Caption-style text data
--- START ---

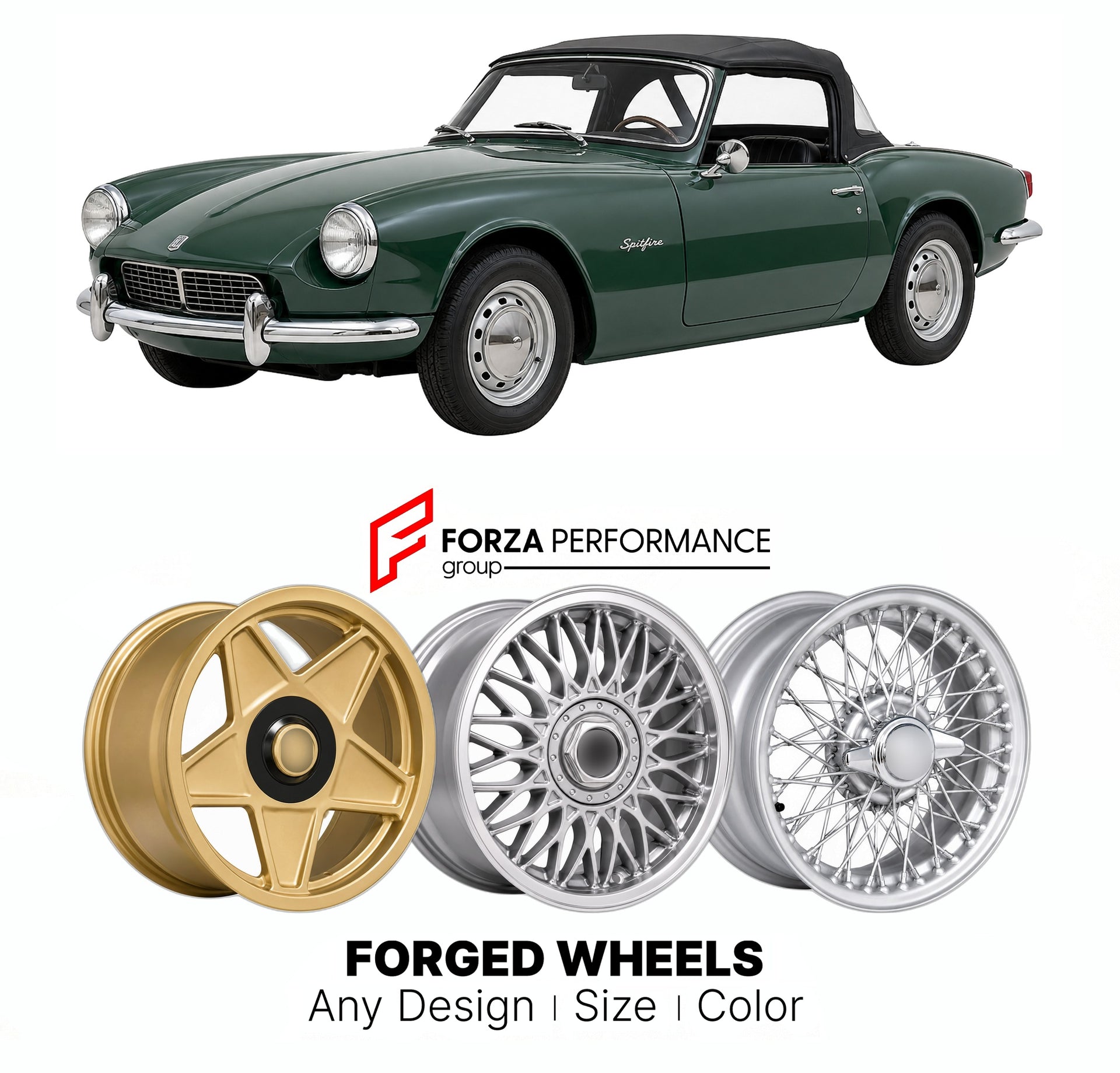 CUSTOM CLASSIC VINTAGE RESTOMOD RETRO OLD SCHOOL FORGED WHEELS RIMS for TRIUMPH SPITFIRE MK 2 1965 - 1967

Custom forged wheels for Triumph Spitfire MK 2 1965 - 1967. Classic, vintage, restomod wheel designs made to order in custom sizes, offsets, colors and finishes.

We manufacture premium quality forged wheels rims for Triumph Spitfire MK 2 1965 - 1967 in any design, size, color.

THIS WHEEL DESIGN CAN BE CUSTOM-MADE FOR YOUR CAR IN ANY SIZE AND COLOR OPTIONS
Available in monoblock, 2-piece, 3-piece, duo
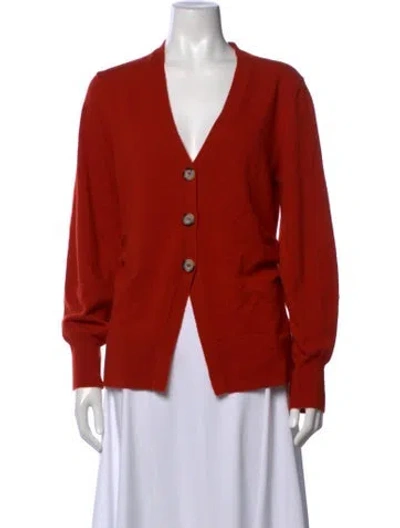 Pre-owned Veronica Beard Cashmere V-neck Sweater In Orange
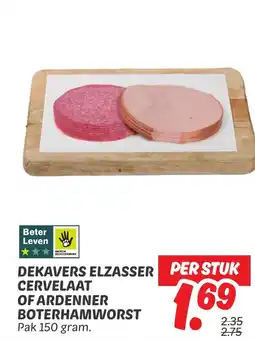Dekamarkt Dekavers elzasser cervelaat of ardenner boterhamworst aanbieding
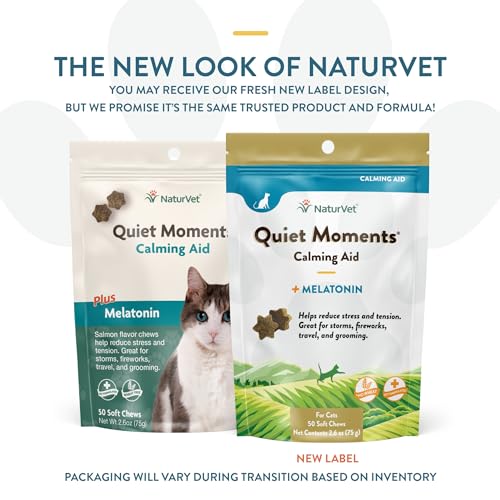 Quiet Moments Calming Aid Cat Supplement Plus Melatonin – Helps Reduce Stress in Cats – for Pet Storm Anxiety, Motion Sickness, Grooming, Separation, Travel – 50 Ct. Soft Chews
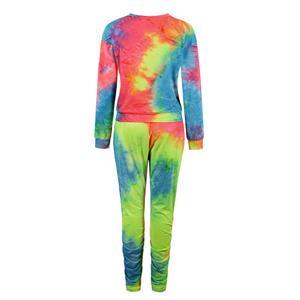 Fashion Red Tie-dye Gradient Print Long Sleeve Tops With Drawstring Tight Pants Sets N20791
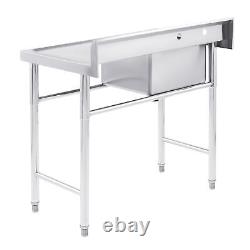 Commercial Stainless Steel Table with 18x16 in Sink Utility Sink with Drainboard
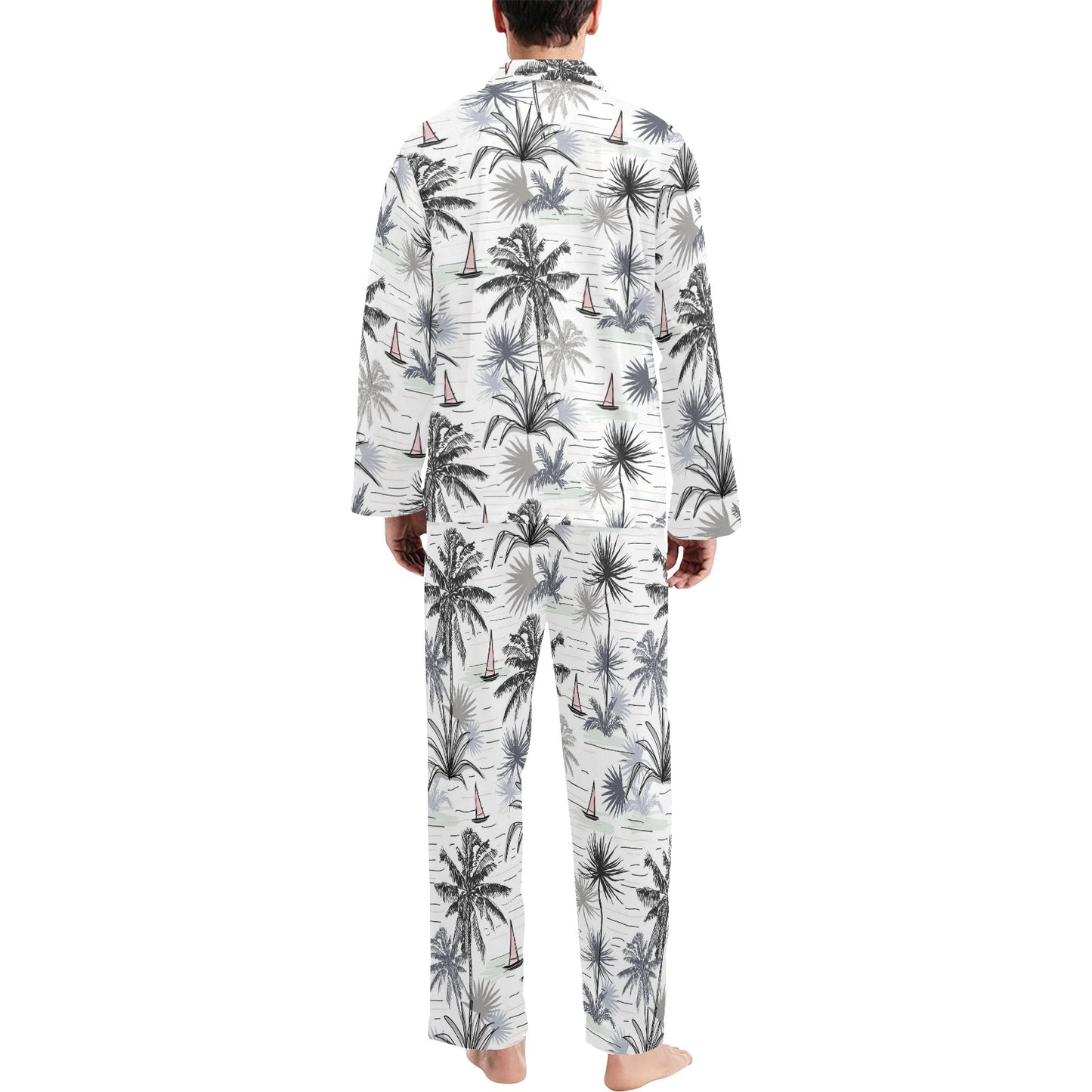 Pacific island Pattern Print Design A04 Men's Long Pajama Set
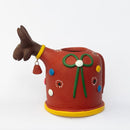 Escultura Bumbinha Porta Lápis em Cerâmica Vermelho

--- END ---

**ACTIVITY**
Reproduce exactly the lines that run from the line holding "Commercial Stainless Steel" through the final line of the entries, and omit every picture.

**RESULT OF THE EXERCISE**
 Commercial Stainless Steel Table with 18x16 in Sink Utility Sink with Drainboard
 Pacific island Pattern Print Design A04 Men's Long Pajama Set
 Escultura Bumbinha Porta Lápis em Cerâmica Vermelho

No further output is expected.